Bookmark and Share

Case Study: ResNet50 with DALI

This blog post was originally published at NVIDIA's website. It is reprinted here with the permission of NVIDIA.

Let’s imagine a situation. You buy a brand-new, cutting-edge, Volta-powered DGX-2 server. You’ve done your math right, expecting a 2x performance increase in ResNet50 training over the DGX-1 you had before. You plug it into your rack cabinet and run the training. That’s when an unpleasant surprise pops up. Even though your math is correct, the speedup you’re getting lower than expected. Why? What can you do about it? Can DALI, aka the NVIDIA Data Loading Library, help you here?

When deep learning engineers hear “image classification”, they think about ResNet. Since its publication in 2015 ResNet became a widely recognized standard, and despite numerous descendants and later works, it still encompasses most classification tasks. Even though the residual architecture is considered computationally lighter than the classic deep neural network, ResNet still carries out a lot of processing, especially for CPU-based dataset augmentations. One reason why you are not observing the anticipated speed boost might be the large amount of computations CPU needs to perform, resulting in a bottleneck in this part of hardware.

The Bottleneck

To verify that CPU is indeed the bottleneck in our training, let’s conduct a simple experiment. Normally the preprocessing of dataset is performed on the CPU (using libraries like NumPy or Pillow) while the training runs on the GPU. Furthermore, they work in parallel – the CPU processing of a batch runs at the same time that the GPU conducts forward and back propagation of the previous batch.

Let’s compare the speed of a regular ResNet50 data processing pipeline and a synthetic pipeline, in which no data augmentation occurs, only training. At this point we don’t care that the neural network won’t train; all we need is to compare the performance of the two pipelines.

If we observe no performance difference between these two pipelines in our experiment, then the CPU workload proves irrelevant. On the other hand, if we discover lower speed in the regular pipeline, it means that the CPU is the likely bottleneck for training.

Indeed, as table 1 shows, we observe a difference in the performance of these two pipelines. This observation indicates a bottleneck within the preprocessing pipeline occuring on the CPU. To address this situation, we can make use of DALI – the library exclusively designed to offload the preprocessing from CPU to GPU, thereby reducing or eliminating the CPU bottleneck.

Table 1. CPU-bottleneck experiment.
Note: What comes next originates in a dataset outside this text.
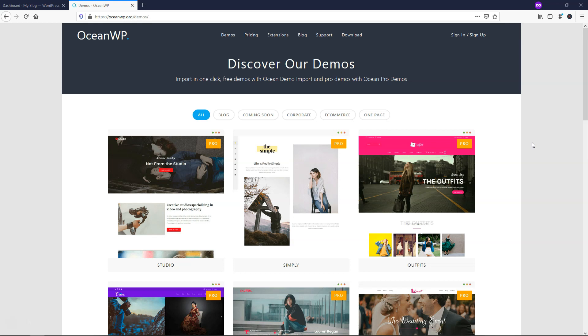Hey, it's Tom from WPWithTom.com and in this video I'm going to cover how to import an OceanWP demo site.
Training throughput of ResNet50

Benchmark Type

DGX-2

Regular ResNet50 training speed
(images/sec)

12,586

Synthetic ResNet50 training speed
(images/sec)

22,656

Benchmarking

Throughout this article we measure the time performance (in images per second) of ResNet50 training. The script that used is available on NVIDIA’s DeepLearningExamples GitHub page. The script allows the training to be run on both DALI and native data preprocessing pipelines.

We base our training on the ImageNet dataset from the original ResNet50. Every epoch consists of 1,281,167 images. The MXNet framework is used to conduct the training. We use NGC Container, version 19.04 to maintain a consistent software configuration.
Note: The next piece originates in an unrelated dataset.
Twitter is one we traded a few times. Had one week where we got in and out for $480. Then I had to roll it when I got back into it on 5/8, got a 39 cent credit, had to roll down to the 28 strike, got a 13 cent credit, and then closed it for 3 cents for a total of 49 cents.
In addition, the hardware setups used for training are shown in Table 2:

Table 2. Test System Configurations
System Number of GPUs Batch Size
NVIDIA DGX-2 16 256
AWS P3 8 192
NVIDIA TITAN RTX 1 128

We conducted trainings using the same set of hyperparameters to achieve the most accurate training speed comparison. The batch size and number of GPUs differ only from one hardware setup to the other, as shown above. Table 3 highlights the performance metrics for regular and synthetic ResNet50, using the hardware setups specified above.

Table 3. Training performance of ResNet50 depending on preprocessing pipeline

Pipeline Type

DGX-2

AWS P3

TITAN RTX

Standard Preprocessing Pipeline
(images/sec)

12,586

5,740

553

Synthetic Preprocessing Pipeline

(images/sec)

22,656

10,738

585

Augmentations for ResNet50

Prior to plugging the DALI in, let’s list all the data processing operations, including augmentations, that occur within the ResNet50 preprocessing pipeline:

  1. Read raw image data
  2. Decode the image
  3. Resize
  4. Random crop
  5. Random horizontal flip
  6. Normalize
  7. Transpose

Every image is stored in a compressed format (such as JPEG). We need to first decode the image in order to process it. Although image decoding is not widely recognized as a preprocessing operation, it always occurs and consumes significant portion of total preprocessing time.

Without delving into a detailed description of every operation, let’s mention a few things. First, both crop and horizontal flip operations are performed randomly. In other words,  determine on a given probability distribution whether to perform such operation and to what extent. Next, transposing (changing NHWC data layout to NCHW) is not part of ResNet50 itself. Instead, it is a part of the framework-dependent implementation – we want to transform the layout to a format that MXNet works best with.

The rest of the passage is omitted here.